[[ Available data, beginning ]]

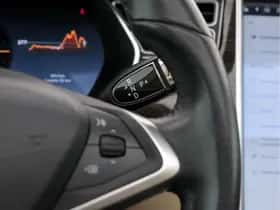 Tesla Model S (2014) thumbnail 18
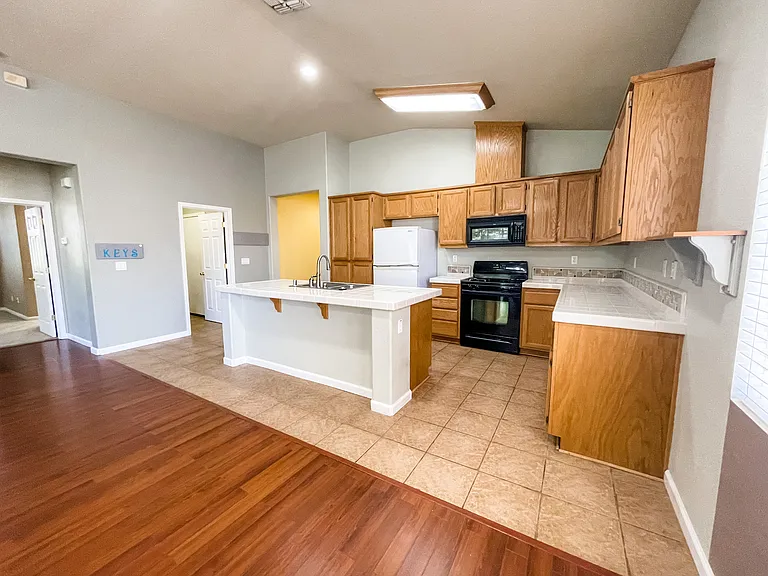 1837 Boardwalk Dr — Photo 5
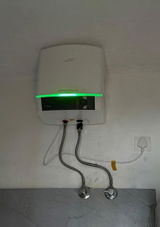 praveen review photo
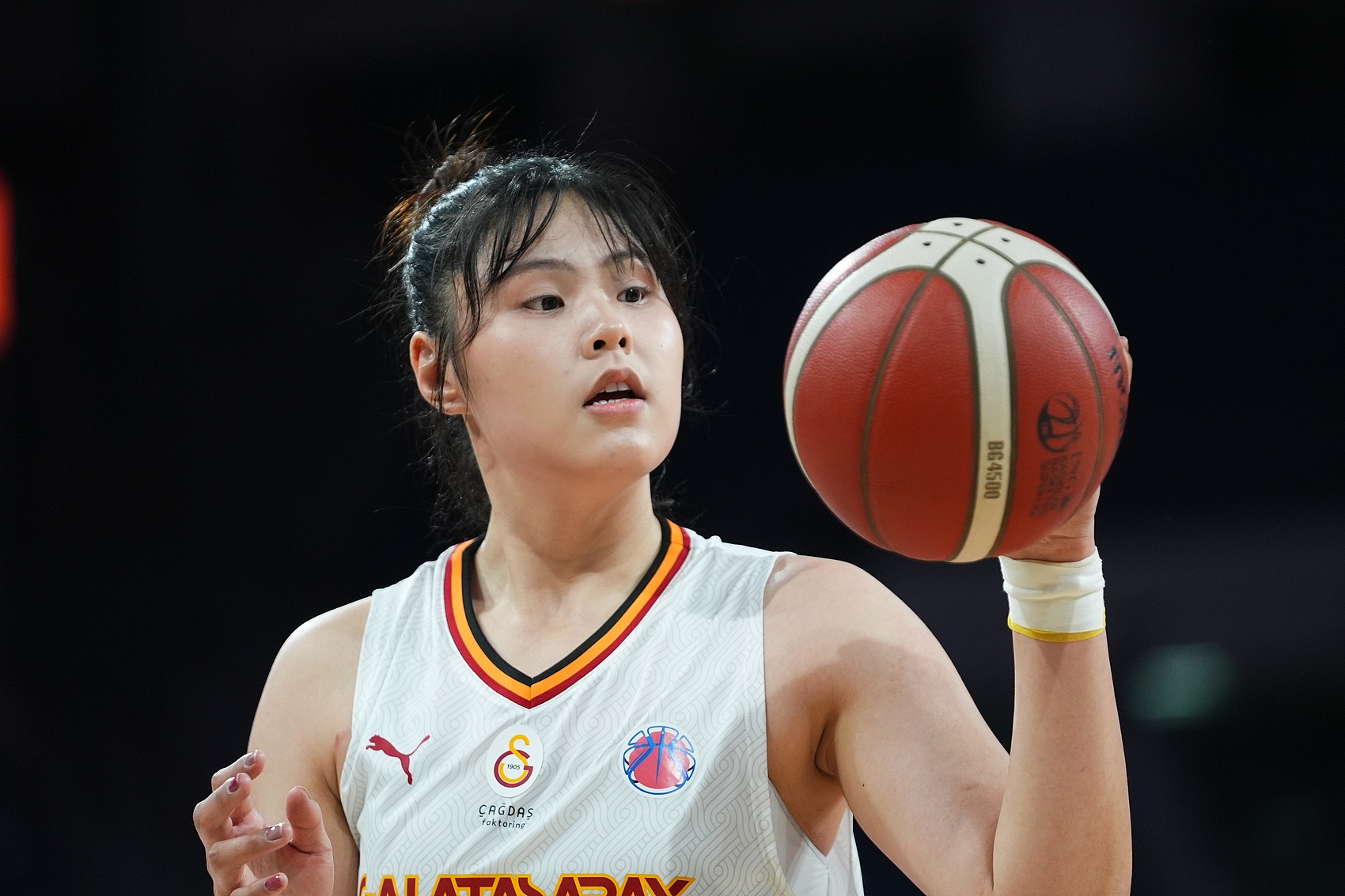  穩(wěn)定高效！李月汝9中6得到18分10板1助2斷1帽 罰球6中6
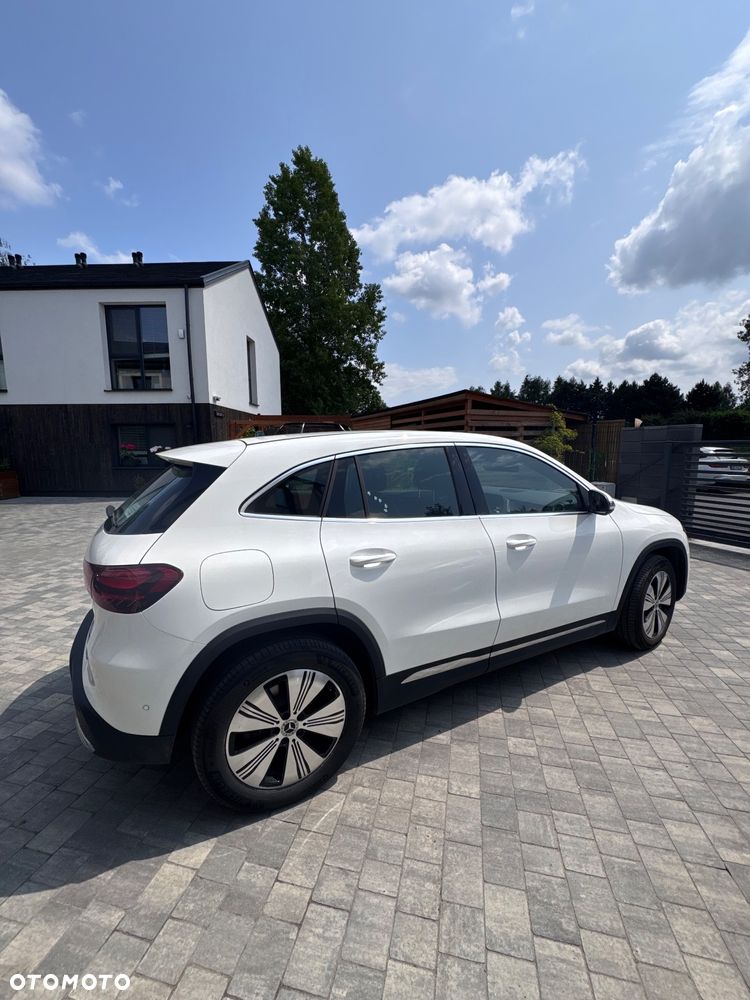 Mercedes-Benz EQA 250+ 70.5kWh Electric Art - 5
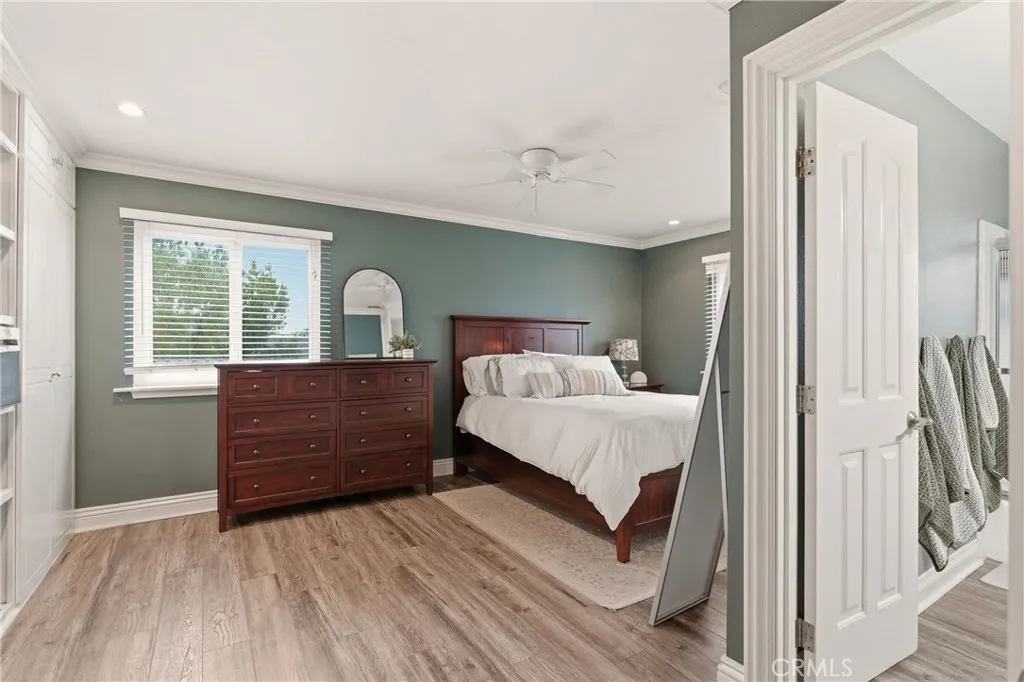 2408 Minuteman Way, Costa Mesa, California 92626 home-pic-13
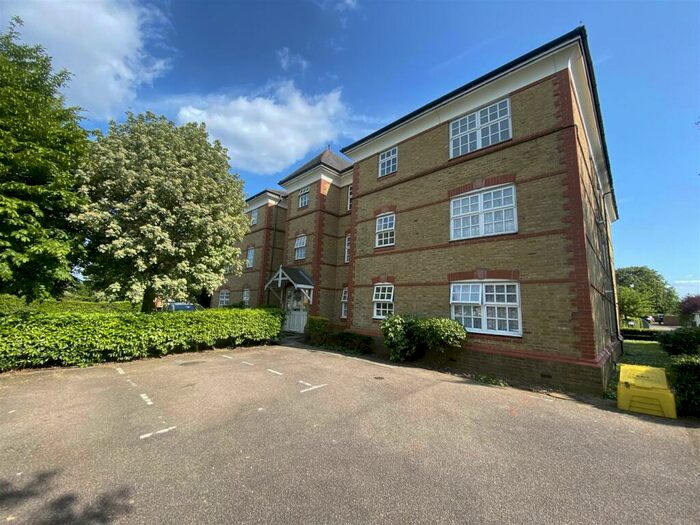 2 Bedroom Flat To Rent In Pitman House, Winchmore Hill, N21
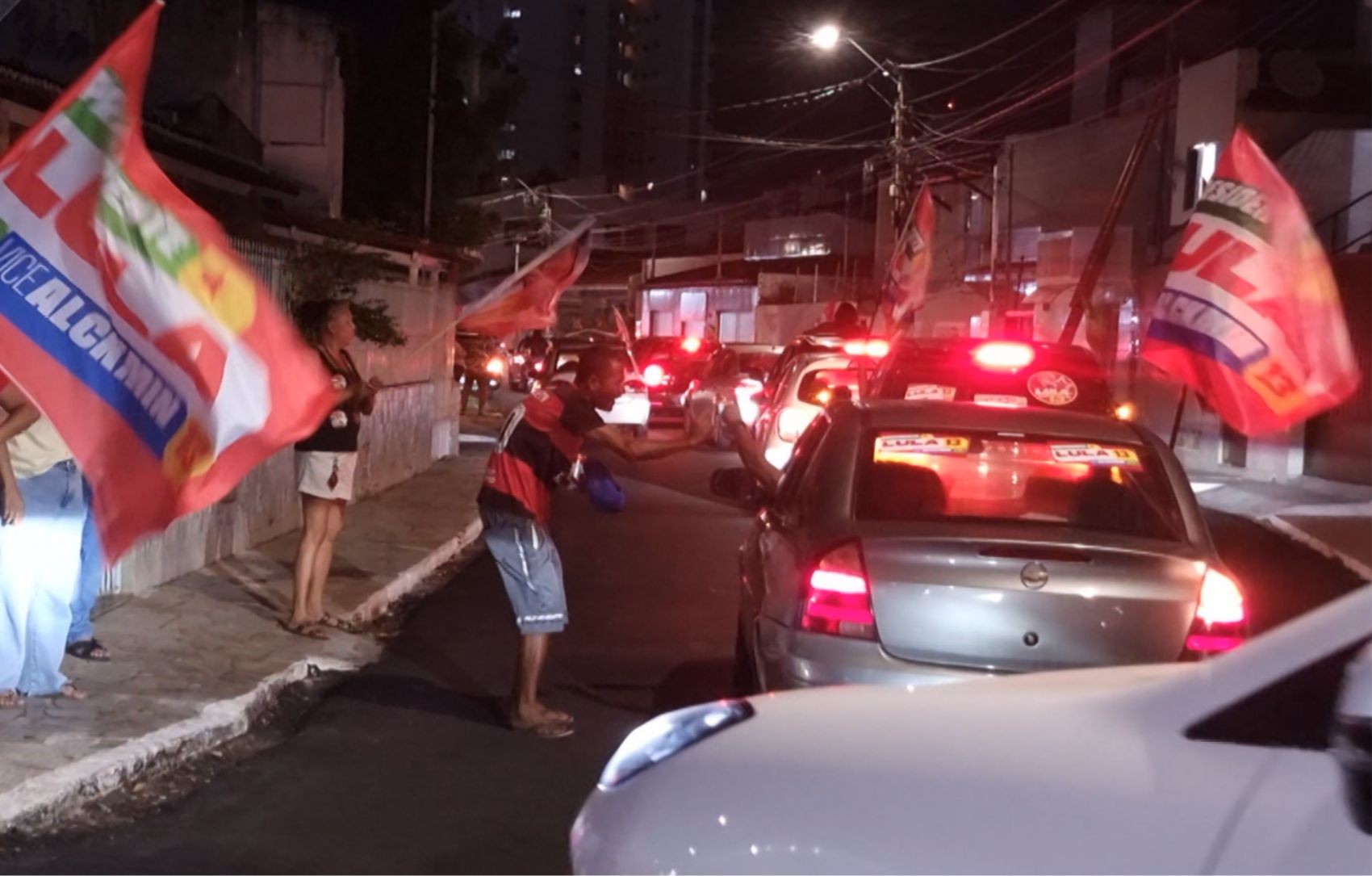 Carreatas em apoio a Lula são realizadas na Zona Sul de Aracaju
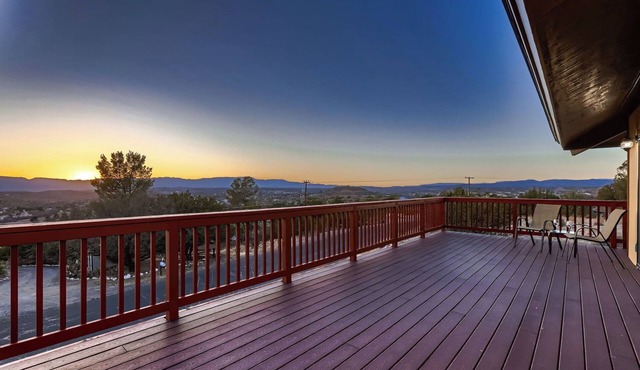 Hilltop Custom Home - Sunsets & Views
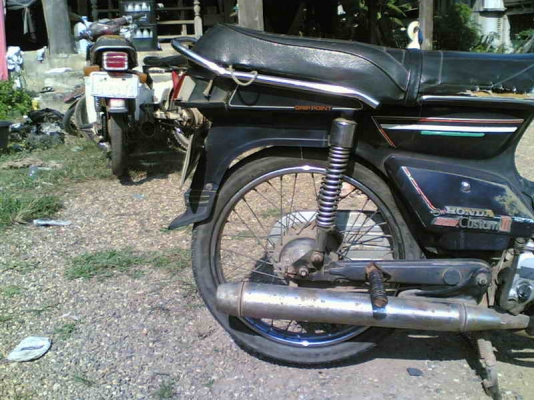 ขายฮอนด้าคัสต้อม(น้ำเงิน)เล่มทะเบียนพร้อมชุดโอน รถเดิมๆอะไหร่ครบเครื่องสมบูรณ์พร้อมประกวด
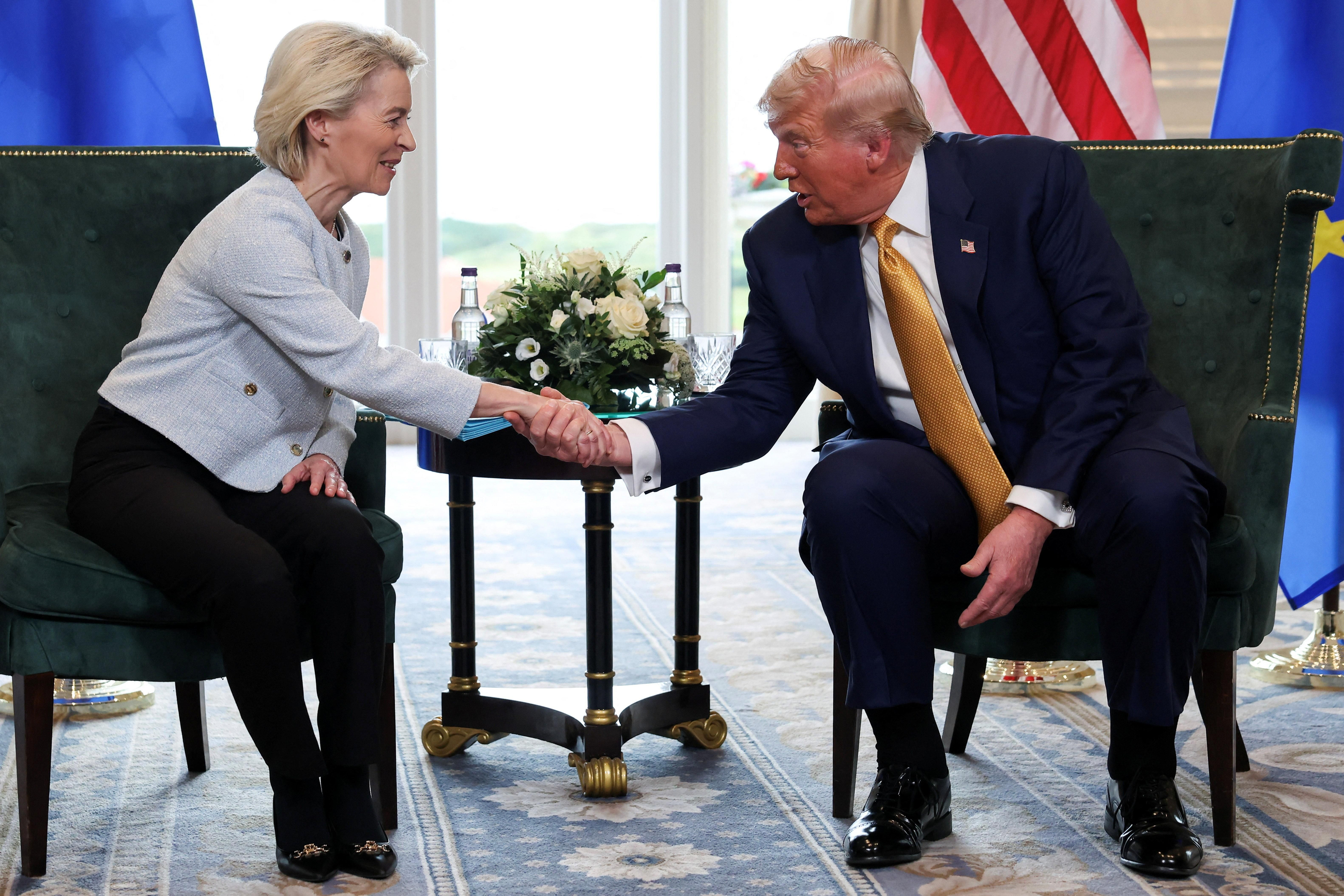 Ursula von der Leyen i Donald Trump encaixen la mà abans de la reunió d'este diumenge a Escòcia Ursula Von der Leyen i Donald Trump encaixen la mà abans de la reunió d'este diumenge a Escòcia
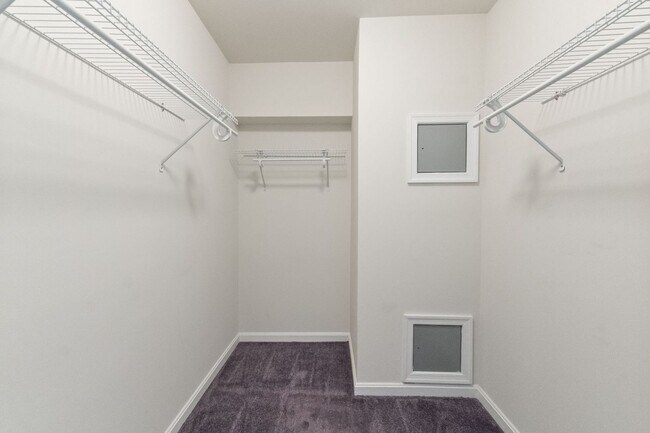 Building Photo - 7134 Huntley Creek Pl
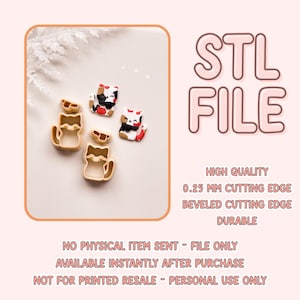 Könnte beinhalten: Ein Bild mit katzenförmigen Ausstechern und Katzenfiguren. Der Text "STL FILE" wird angezeigt, zusammen mit Details über die Schneidkante und Nutzungsbeschränkungen. Die Ausstecher sind beige, und die Figuren sind weiß, schwarz und rot.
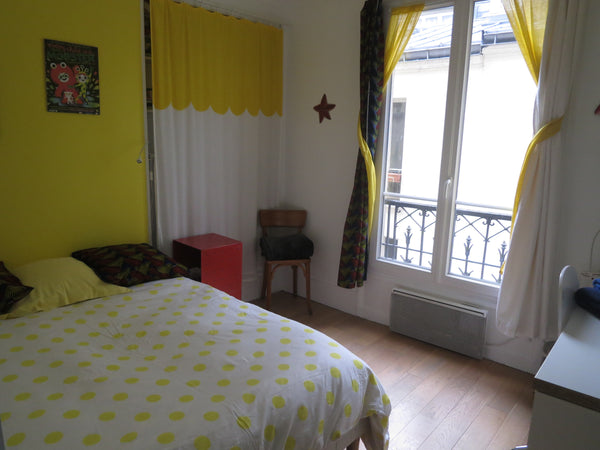 Dans un appartement typiquement parisien, venez chez nous en occupant une chambr Paris, France Chambre double appartement familial Private room in rental unit vacation rental 10475056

[[ Available data, end ]]

● **Work to be completed**
Skip the pictures. Return exactly the lines from the one containing "2408 Minuteman Way, Costa" through the end of the data above, both included, and nothing besides.

● **Answer**
 2408 Minuteman Way, Costa Mesa, California 92626 home-pic-13
 2 Bedroom Flat To Rent In Pitman House, Winchmore Hill, N21
 Carreatas em apoio a Lula são realizadas na Zona Sul de Aracaju
 Hilltop Custom Home - Sunsets & Views
 ขายฮอนด้าคัสต้อม(น้ำเงิน)เล่มทะเบียนพร้อมชุดโอน รถเดิมๆอะไหร่ครบเครื่องสมบูรณ์พร้อมประกวด
 Ursula von der Leyen i Donald Trump encaixen la mà abans de la reunió d'este diumenge a Escòcia Ursula Von der Leyen i Donald Trump encaixen la mà abans de la reunió d'este diumenge a Escòcia
 Building Photo - 7134 Huntley Creek Pl
 Könnte beinhalten: Ein Bild mit katzenförmigen Ausstechern und Katzenfiguren. Der Text "STL FILE" wird angezeigt, zusammen mit Details über die Schneidkante und Nutzungsbeschränkungen. Die Ausstecher sind beige, und die Figuren sind weiß, schwarz und rot.
 Dans un appartement typiquement parisien, venez chez nous en occupant une chambr Paris, France Chambre double appartement familial Private room in rental unit vacation rental 10475056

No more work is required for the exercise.